Science meets Parliament’s nearly 300 delegates got the opportunity to meet with and pitch their science to more than 60 MPs and Senators, as well as enjoying plenty of opportunities to build their own networks in the science community.

They also got a chance to find out more about Parliament House thanks to virtual tours of its beekeeping program from resident apiarist Cormac Farrell and a geology tour from Geoscience Australia Chief Scientist Dr Steve Hill.


Feedback from delegates after the event was overwhelmingly positive, especially around the online delivery format.

“I felt that the virtual delivery enhanced rather than hindered participation,” said one delegate.

“It was a fantastic event, even with most of the presentations are online,” added first-time delegate Dr Qian Peter Su.

“This event step-by-step reveals the process and tips for how STEM researchers can engage with government to make impacts in a logical way.

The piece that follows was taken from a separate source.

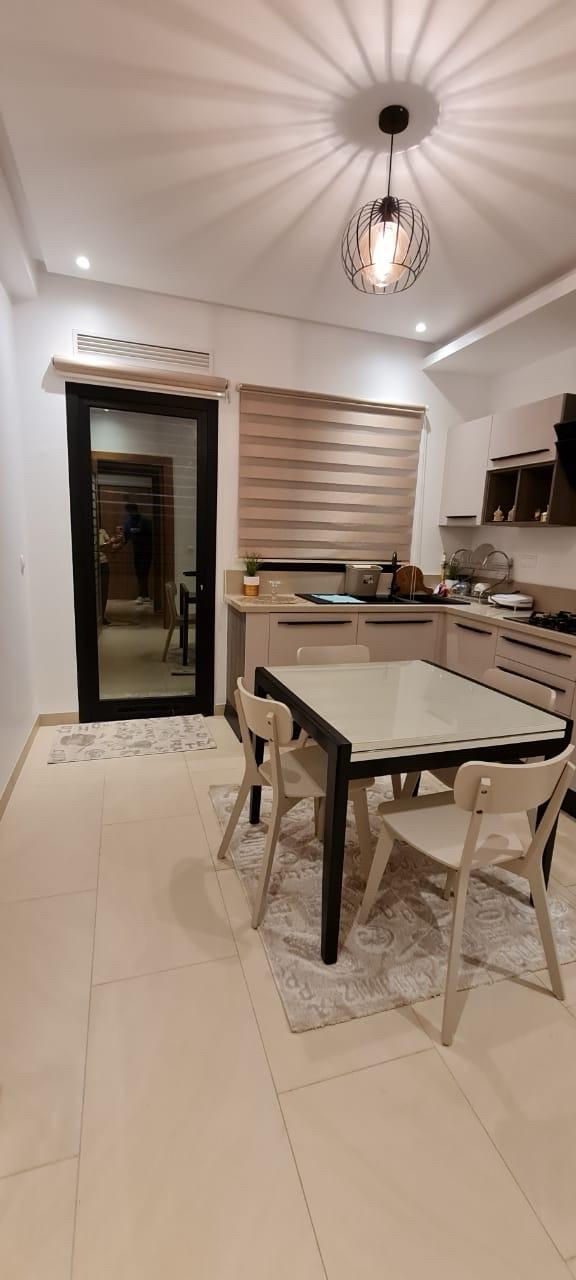 Ain Zaghouan Ain Zaghouan Vente Appart. 2 pices S2  v  ain zaghouan nord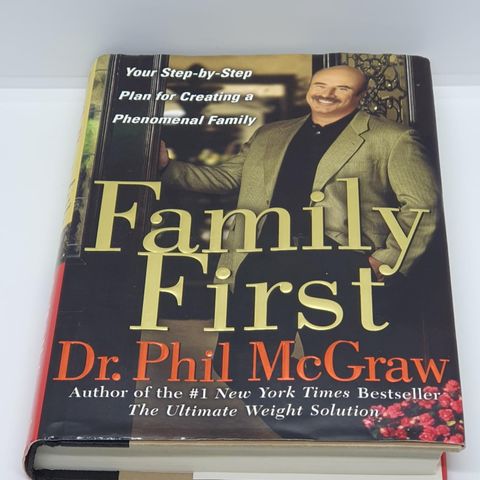 Family First - Dr. Phil McGraw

The speakers are surprisingly open and genuine in providing advice, tips and opinions. The on-demand playback function not only allows flexibility but the opportunities to repeatedly watch some interesting topics for better information digestion. [I would] strongly recommended [it] to others,” said delegate Dr Yanyan Zhao.

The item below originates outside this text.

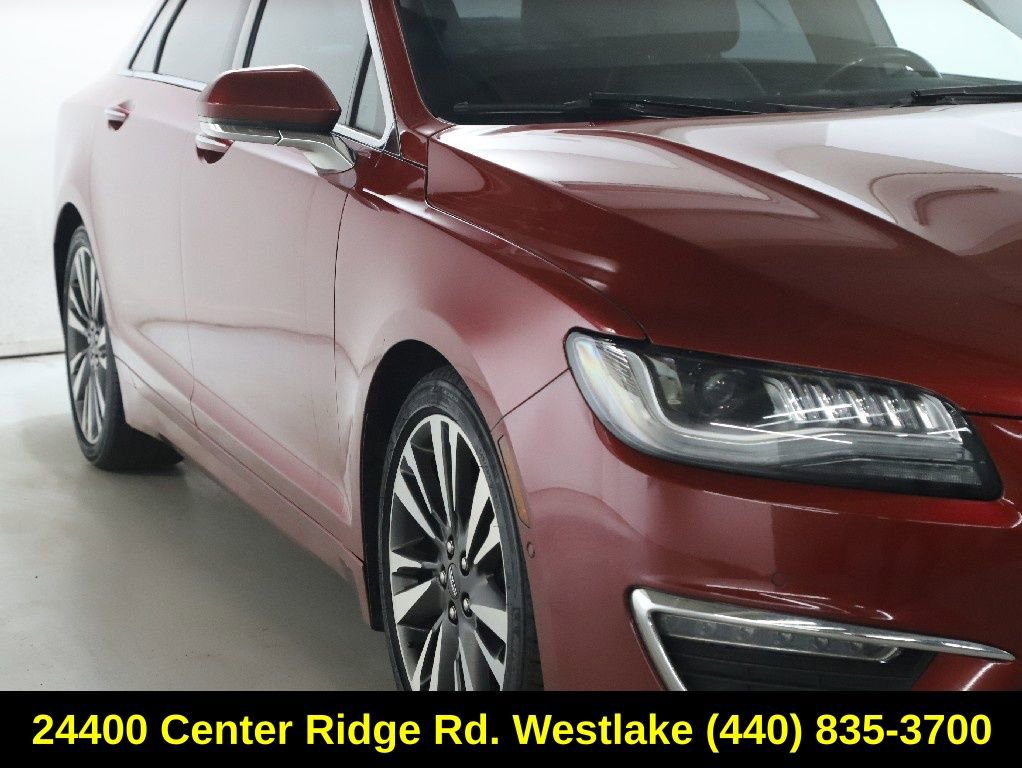Used 2019 Lincoln MKZ Reserve image 9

The event concluded with concurrent gala dinners held in Canberra, Sydney, Melbourne, and Adelaide and featured talks from Minister Karen Andrews, Shadow Minister Richard Marles, and ANSTO’s Pamela Naidoo-Ameglio.


Science & Technology Australia thanked all its sponsors, partners, participating MPs and Senators, and the event’s delegates for making Science meets Parliament 2021 such a significant success.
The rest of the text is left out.